Demo on parsing text file, please

Jinsong Zhao

unread,

Apr 7, 2014, 2:25:39 AM4/7/14

to

Hi there,

I hope to find a demo of common lisp on parsing a text file. Or, if
possible, would your please to show me how to parse the following text:

;;;; start here ;;;;

NET ATOMIC CHARGES AND DIPOLE CONTRIBUTIONS

ATOM NO. TYPE CHARGE ATOM ELECTRON DENSITY
1 C 0.0699 3.9301
2 O -0.3088 6.3088
3 H 0.0085 0.9915
4 H 0.0410 0.9590
5 H 0.0085 0.9915
6 H 0.1809 0.8191
DIPOLE X Y Z TOTAL
POINT-CHG. -0.697 0.295 0.542 0.932
HYBRID -0.149 0.289 0.532 0.624
SUM -0.847 0.585 1.074 1.488

;;;; end here ;;;;

I hope to assign "TYPE" and "CHARGE" into two variable, e.g., type and
change.

I try to read the text file using loop. I can find the proper position.
However I don't know how to continue to parse the following lines.

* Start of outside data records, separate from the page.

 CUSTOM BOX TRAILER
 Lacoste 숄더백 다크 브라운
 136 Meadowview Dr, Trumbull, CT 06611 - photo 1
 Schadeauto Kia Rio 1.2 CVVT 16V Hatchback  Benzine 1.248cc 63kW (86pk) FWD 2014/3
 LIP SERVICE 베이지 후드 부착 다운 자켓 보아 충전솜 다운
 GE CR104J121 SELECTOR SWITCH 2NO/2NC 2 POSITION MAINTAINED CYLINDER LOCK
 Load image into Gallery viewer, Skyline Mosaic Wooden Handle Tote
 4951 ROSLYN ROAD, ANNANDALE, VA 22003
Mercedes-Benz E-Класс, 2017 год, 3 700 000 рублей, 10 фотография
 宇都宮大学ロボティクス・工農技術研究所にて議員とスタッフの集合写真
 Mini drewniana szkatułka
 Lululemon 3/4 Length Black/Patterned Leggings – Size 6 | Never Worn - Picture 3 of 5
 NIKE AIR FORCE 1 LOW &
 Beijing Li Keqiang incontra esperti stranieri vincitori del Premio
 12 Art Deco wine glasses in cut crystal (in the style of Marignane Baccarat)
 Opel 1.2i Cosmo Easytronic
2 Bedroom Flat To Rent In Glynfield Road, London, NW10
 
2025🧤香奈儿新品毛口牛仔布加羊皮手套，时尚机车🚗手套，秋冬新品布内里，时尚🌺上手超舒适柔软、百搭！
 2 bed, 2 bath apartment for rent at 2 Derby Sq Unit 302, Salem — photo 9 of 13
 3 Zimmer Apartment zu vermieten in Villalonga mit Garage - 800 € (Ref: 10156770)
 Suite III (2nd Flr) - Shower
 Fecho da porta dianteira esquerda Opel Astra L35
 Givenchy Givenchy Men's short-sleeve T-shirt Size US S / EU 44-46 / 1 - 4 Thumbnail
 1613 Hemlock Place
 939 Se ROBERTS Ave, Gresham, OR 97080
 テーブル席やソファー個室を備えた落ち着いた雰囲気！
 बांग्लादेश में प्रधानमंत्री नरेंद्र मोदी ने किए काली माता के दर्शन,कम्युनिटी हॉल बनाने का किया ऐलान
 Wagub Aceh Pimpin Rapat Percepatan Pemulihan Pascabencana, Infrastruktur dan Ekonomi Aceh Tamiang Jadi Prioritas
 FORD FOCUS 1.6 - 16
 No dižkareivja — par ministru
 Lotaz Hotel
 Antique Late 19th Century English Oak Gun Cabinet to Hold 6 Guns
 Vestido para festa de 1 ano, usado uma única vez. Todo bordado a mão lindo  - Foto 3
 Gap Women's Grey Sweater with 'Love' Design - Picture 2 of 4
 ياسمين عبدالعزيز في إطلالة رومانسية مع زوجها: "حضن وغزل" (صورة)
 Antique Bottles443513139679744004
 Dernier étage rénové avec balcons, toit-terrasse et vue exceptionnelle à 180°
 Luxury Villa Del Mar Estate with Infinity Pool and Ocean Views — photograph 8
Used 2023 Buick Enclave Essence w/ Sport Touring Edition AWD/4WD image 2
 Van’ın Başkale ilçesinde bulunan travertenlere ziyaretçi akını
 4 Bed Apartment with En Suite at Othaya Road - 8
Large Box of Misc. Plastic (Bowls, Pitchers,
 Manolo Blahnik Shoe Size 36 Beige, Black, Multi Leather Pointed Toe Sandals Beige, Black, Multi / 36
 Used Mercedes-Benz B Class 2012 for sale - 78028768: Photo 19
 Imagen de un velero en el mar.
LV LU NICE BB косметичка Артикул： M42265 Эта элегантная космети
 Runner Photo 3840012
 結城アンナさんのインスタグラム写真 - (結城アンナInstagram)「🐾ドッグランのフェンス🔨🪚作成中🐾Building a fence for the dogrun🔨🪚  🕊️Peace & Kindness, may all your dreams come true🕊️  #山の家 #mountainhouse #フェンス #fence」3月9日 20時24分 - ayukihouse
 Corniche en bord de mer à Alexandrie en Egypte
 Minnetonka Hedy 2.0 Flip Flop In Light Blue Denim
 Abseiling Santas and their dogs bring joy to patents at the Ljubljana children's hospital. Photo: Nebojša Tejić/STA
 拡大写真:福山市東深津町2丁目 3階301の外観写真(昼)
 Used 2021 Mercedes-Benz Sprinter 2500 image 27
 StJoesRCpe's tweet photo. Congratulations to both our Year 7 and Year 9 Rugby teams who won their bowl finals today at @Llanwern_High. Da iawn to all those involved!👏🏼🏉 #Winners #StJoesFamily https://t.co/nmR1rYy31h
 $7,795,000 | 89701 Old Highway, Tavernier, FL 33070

(with-open-file (stream "file.txt")
(do ((line (read-line stream nil)
(read-line stream nil)))
((null line))
(if (search "ATOM ELECTRON DENSITY" line) (;; lost here...
))))

Any suggestions will be appreciated.

Regards,
Jinsong

Pascal J. Bourguignon

unread,

Apr 7, 2014, 6:00:06 AM4/7/14

to

Jinsong Zhao <jsz...@yeah.net> writes:

> Hi there,
>
> I hope to find a demo of common lisp on parsing a text file. Or, if
> possible, would your please to show me how to parse the following
> text:
>
> ;;;; start here ;;;;
>
> NET ATOMIC CHARGES AND DIPOLE CONTRIBUTIONS
>
> ATOM NO. TYPE CHARGE ATOM ELECTRON DENSITY
> 1 C 0.0699 3.9301
> 2 O -0.3088 6.3088
> 3 H 0.0085 0.9915
> 4 H 0.0410 0.9590
> 5 H 0.0085 0.9915
> 6 H 0.1809 0.8191
> DIPOLE X Y Z TOTAL
> POINT-CHG. -0.697 0.295 0.542 0.932
> HYBRID -0.149 0.289 0.532 0.624
> SUM -0.847 0.585 1.074 1.488
>
> ;;;; end here ;;;;
>
> I hope to assign "TYPE" and "CHARGE" into two variable, e.g., type and
> change.

It looks like you have fixed size records, so you could read

https://groups.google.com/forum/#!original/comp.lang.lisp/S2aqG-UPhe8/MTIYx8VNArgJ

adding some code to detect what kind of record you're going to read.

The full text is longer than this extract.